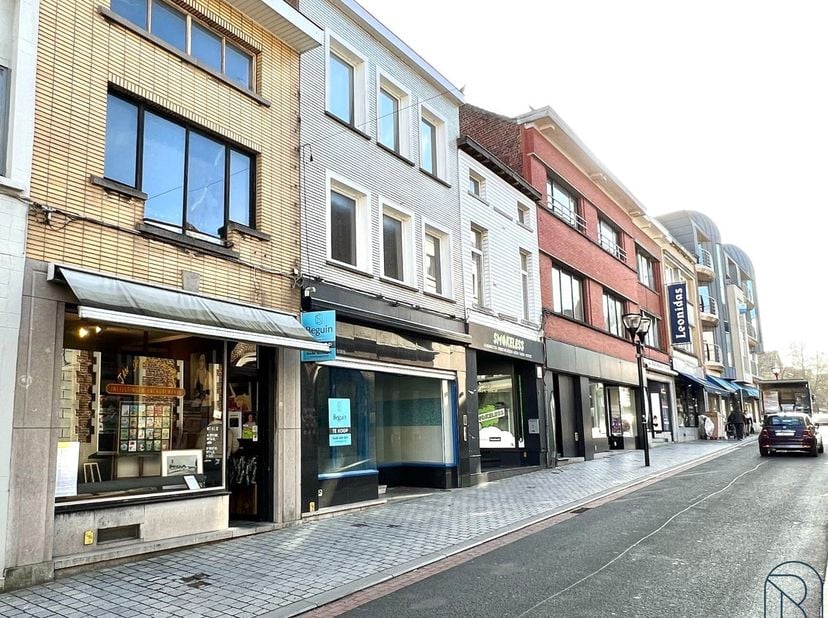 Commercieel gelegen HANDELSPAND met woonstmogelijkheid. VISBILITEIT: ideale horecazaak of winkel/kantoorruimte. Mogelijkheid tot woonst erboven. Bezoe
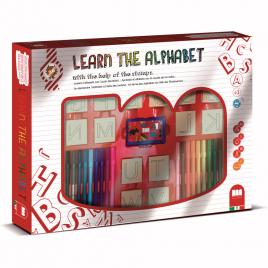 Set educativ cu stampile alfabet 46 piese, 26 stampile, tus, 18 carioci si caiet cu activitati multiprint mp1941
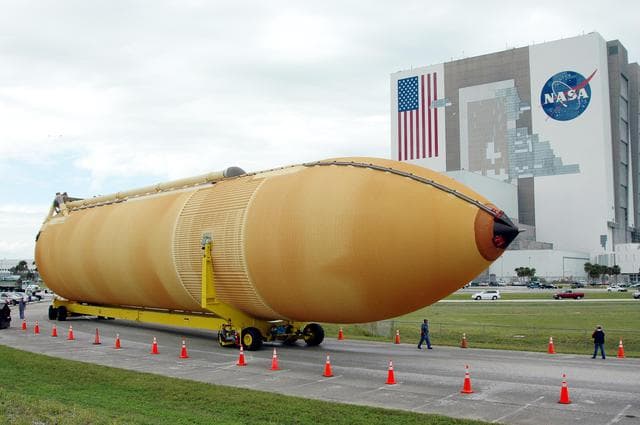 NASA image: KSC-04pd-2162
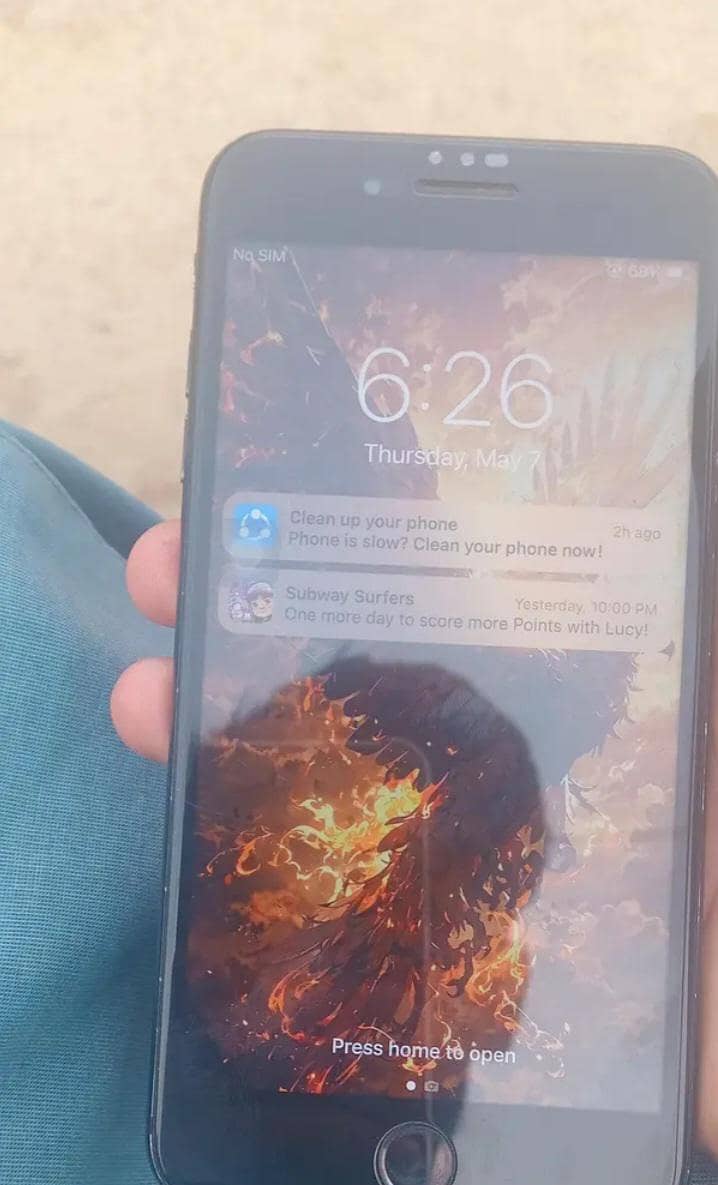 Apple iPhone 7 Plus 1
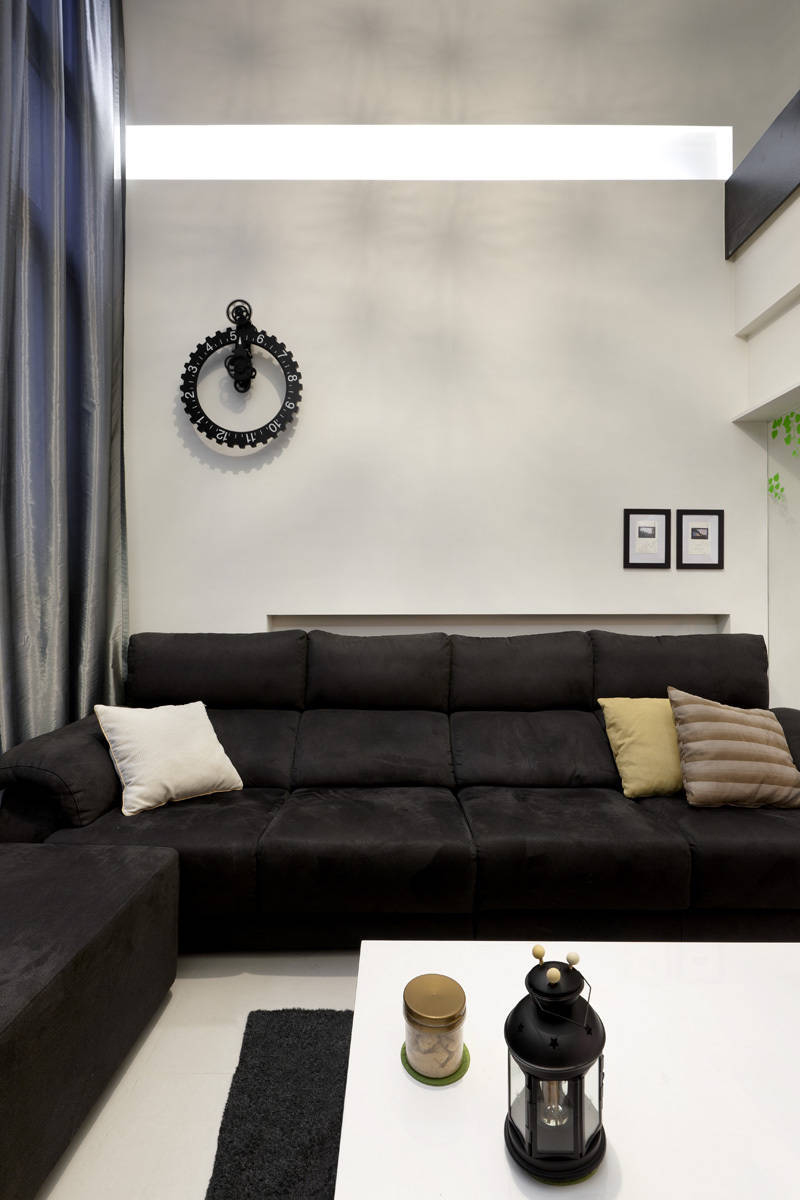 现代 简约 沙发 客厅图片来自tukumajia在240方现代简约复式的分享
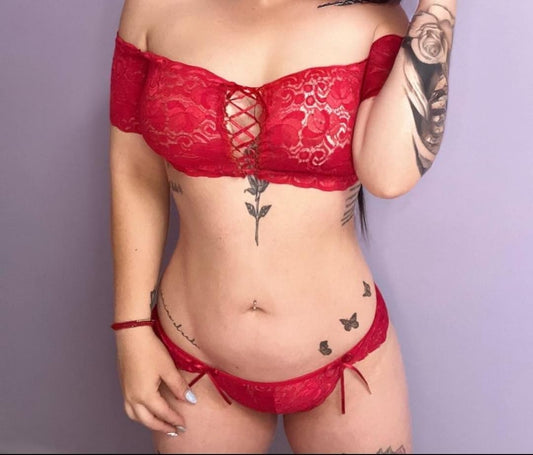 Conjunto Encaje abertura pecho ROJO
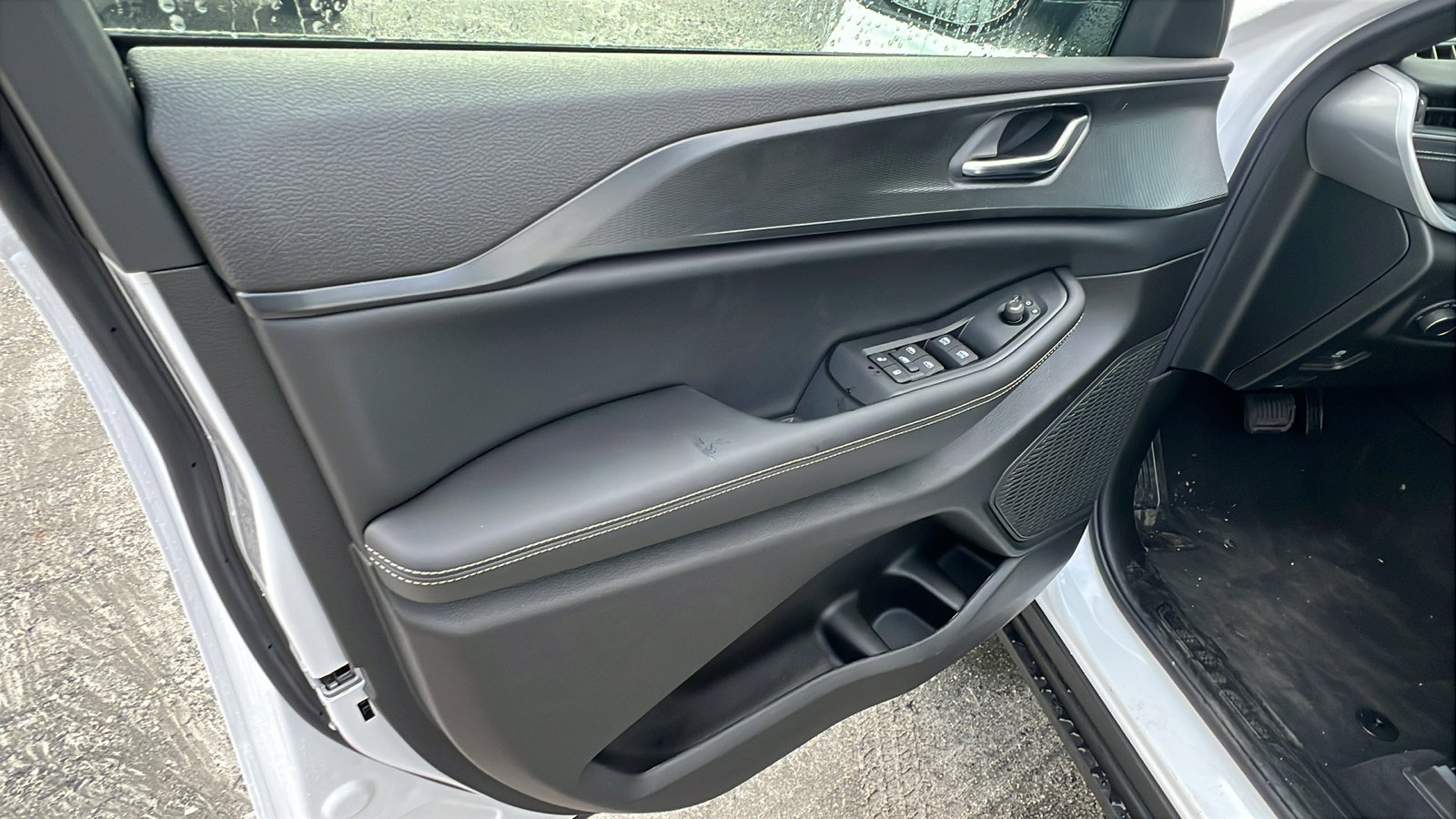 New 2025 Jeep Grand Cherokee Laredo image 14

☆ ☆ ☆ ☆ ☆ ☆ ☆

- _Your instructions_:
Print every entry exactly as written, without the pictures.

- _Response to this task_:
 Commercieel gelegen HANDELSPAND met woonstmogelijkheid. VISBILITEIT: ideale horecazaak of winkel/kantoorruimte. Mogelijkheid tot woonst erboven. Bezoe
 Set educativ cu stampile alfabet 46 piese, 26 stampile, tus, 18 carioci si caiet cu activitati multiprint mp1941
 NASA image: KSC-04pd-2162
 Apple iPhone 7 Plus 1
 现代 简约 沙发 客厅图片来自tukumajia在240方现代简约复式的分享
 Conjunto Encaje abertura pecho ROJO
 New 2025 Jeep Grand Cherokee Laredo image 14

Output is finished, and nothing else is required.